### Source material
-------

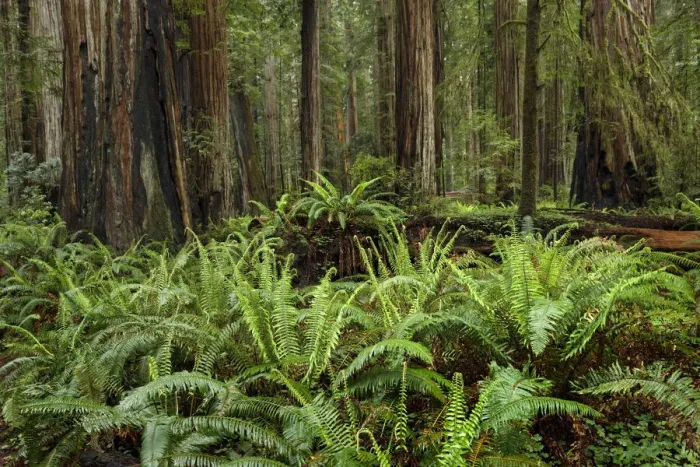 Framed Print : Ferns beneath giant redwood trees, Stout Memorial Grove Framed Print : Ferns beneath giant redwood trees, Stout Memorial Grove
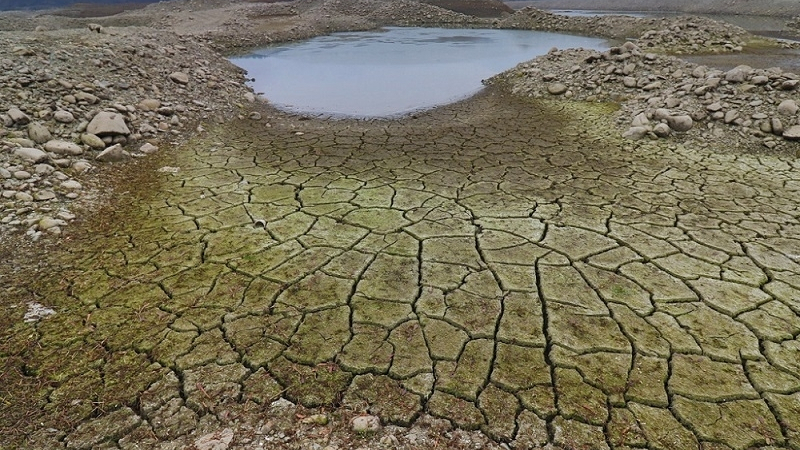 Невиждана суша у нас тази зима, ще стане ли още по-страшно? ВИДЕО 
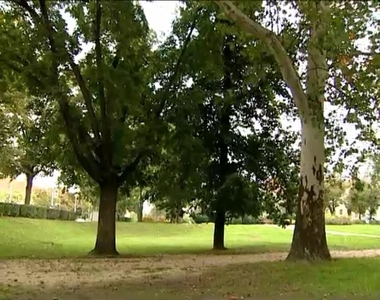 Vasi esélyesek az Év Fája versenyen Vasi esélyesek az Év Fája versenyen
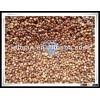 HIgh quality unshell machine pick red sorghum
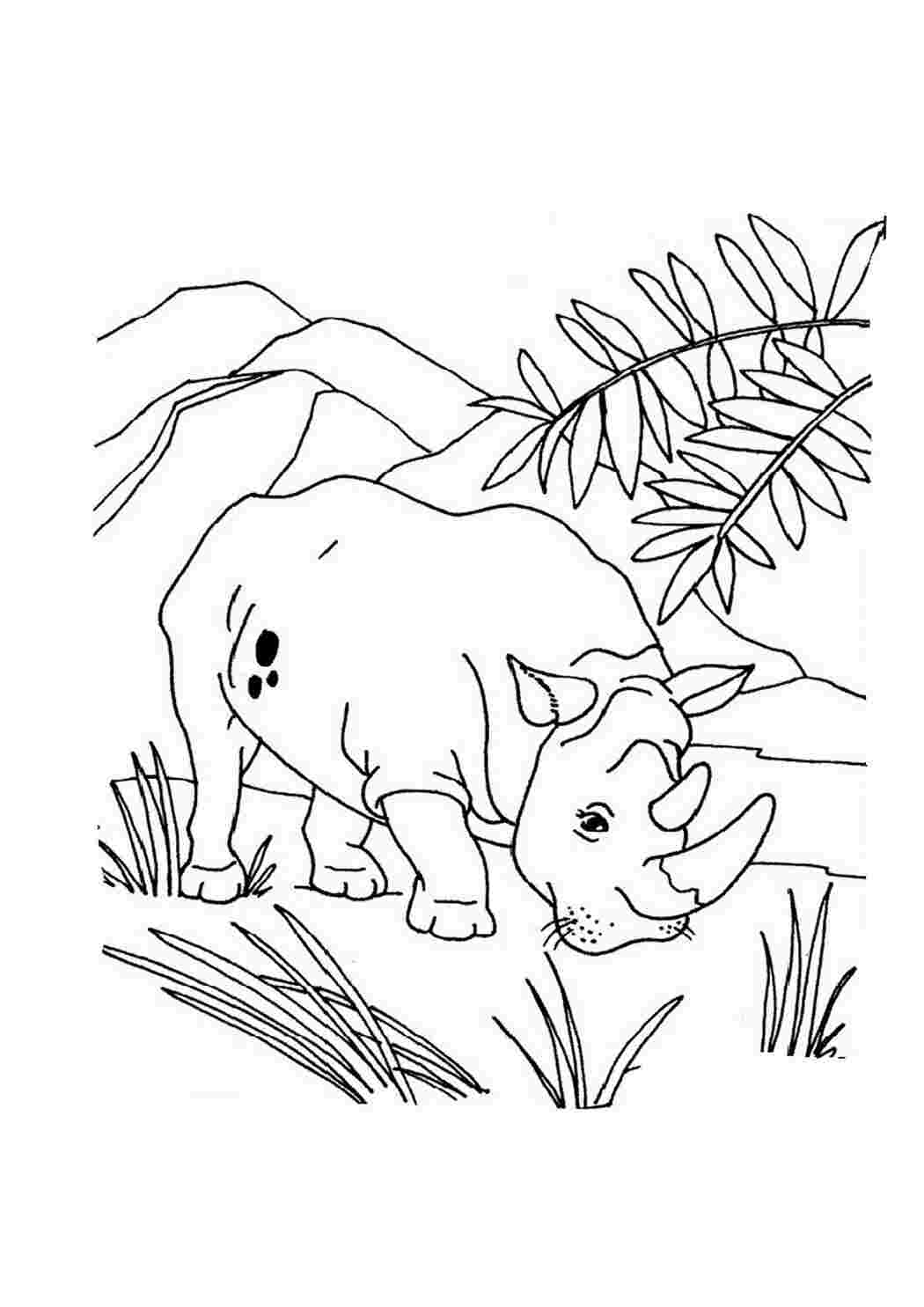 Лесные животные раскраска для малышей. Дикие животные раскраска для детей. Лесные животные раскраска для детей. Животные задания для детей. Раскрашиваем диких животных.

-------

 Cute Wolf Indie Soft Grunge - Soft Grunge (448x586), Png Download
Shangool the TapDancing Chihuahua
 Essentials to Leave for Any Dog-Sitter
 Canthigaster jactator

-------

### Your task
Since the pictures are not part of the copy, please transcribe only the lines above from the one with "Memorial Grove Framed" through the one with "Vasi esélyesek az Év Fája versenyen Vasi", exactly and with both ends.

### Your solution
 Framed Print : Ferns beneath giant redwood trees, Stout Memorial Grove Framed Print : Ferns beneath giant redwood trees, Stout Memorial Grove
 Невиждана суша у нас тази зима, ще стане ли още по-страшно? ВИДЕО 
 Vasi esélyesek az Év Fája versenyen Vasi esélyesek az Év Fája versenyen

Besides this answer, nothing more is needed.